**EXERCISE DATA**
************
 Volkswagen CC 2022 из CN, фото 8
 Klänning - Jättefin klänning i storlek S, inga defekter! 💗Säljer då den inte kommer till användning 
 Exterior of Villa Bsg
************
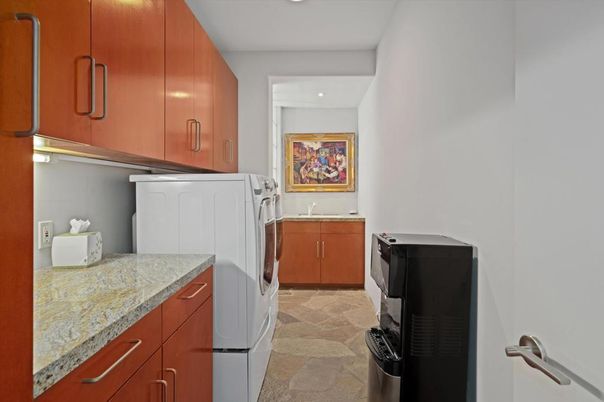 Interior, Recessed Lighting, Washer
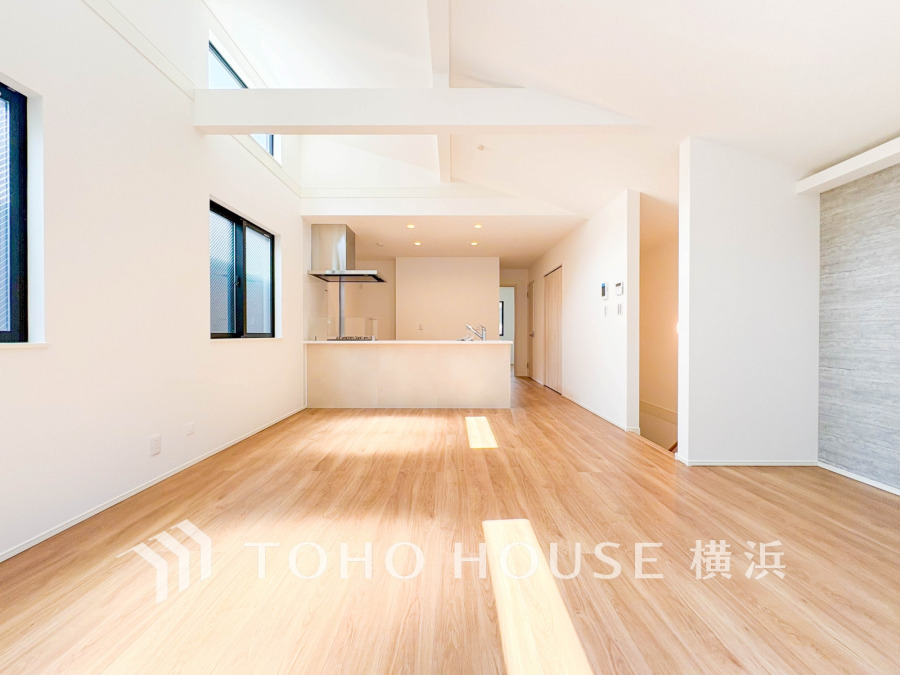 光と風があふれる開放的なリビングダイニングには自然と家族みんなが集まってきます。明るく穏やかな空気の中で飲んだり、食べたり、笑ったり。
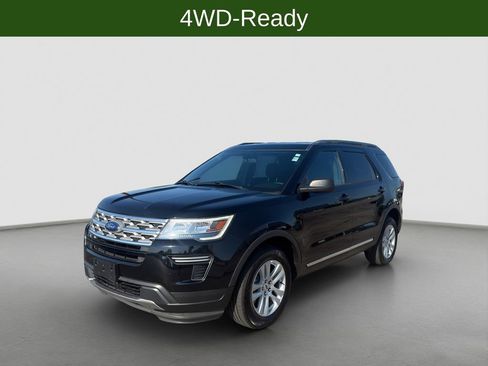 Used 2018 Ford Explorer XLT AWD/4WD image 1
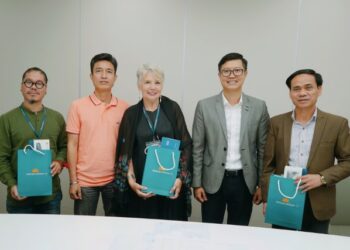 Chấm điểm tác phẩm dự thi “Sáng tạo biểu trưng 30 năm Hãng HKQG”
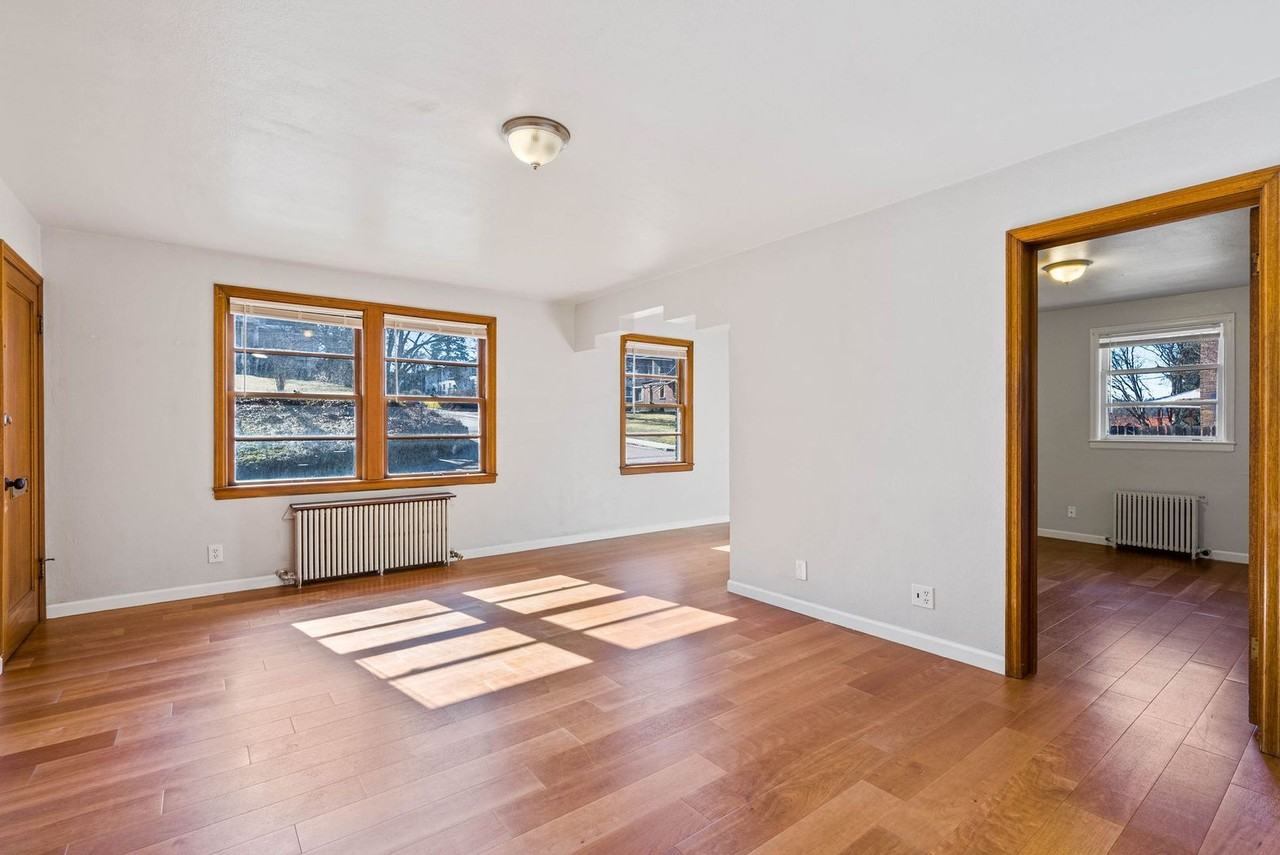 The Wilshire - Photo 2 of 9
************
**EXERCISE BRIEF**
Given the records above, return the lines starting at the one that holds "光と風があふれる開放的なリビ" and ending at the one that holds "The Wilshire - Photo 2 of 9", exactly, and nothing besides; leave every picture out.

**EXERCISE ANSWER**
 光と風があふれる開放的なリビングダイニングには自然と家族みんなが集まってきます。明るく穏やかな空気の中で飲んだり、食べたり、笑ったり。
 Used 2018 Ford Explorer XLT AWD/4WD image 1
 Chấm điểm tác phẩm dự thi “Sáng tạo biểu trưng 30 năm Hãng HKQG”
 The Wilshire - Photo 2 of 9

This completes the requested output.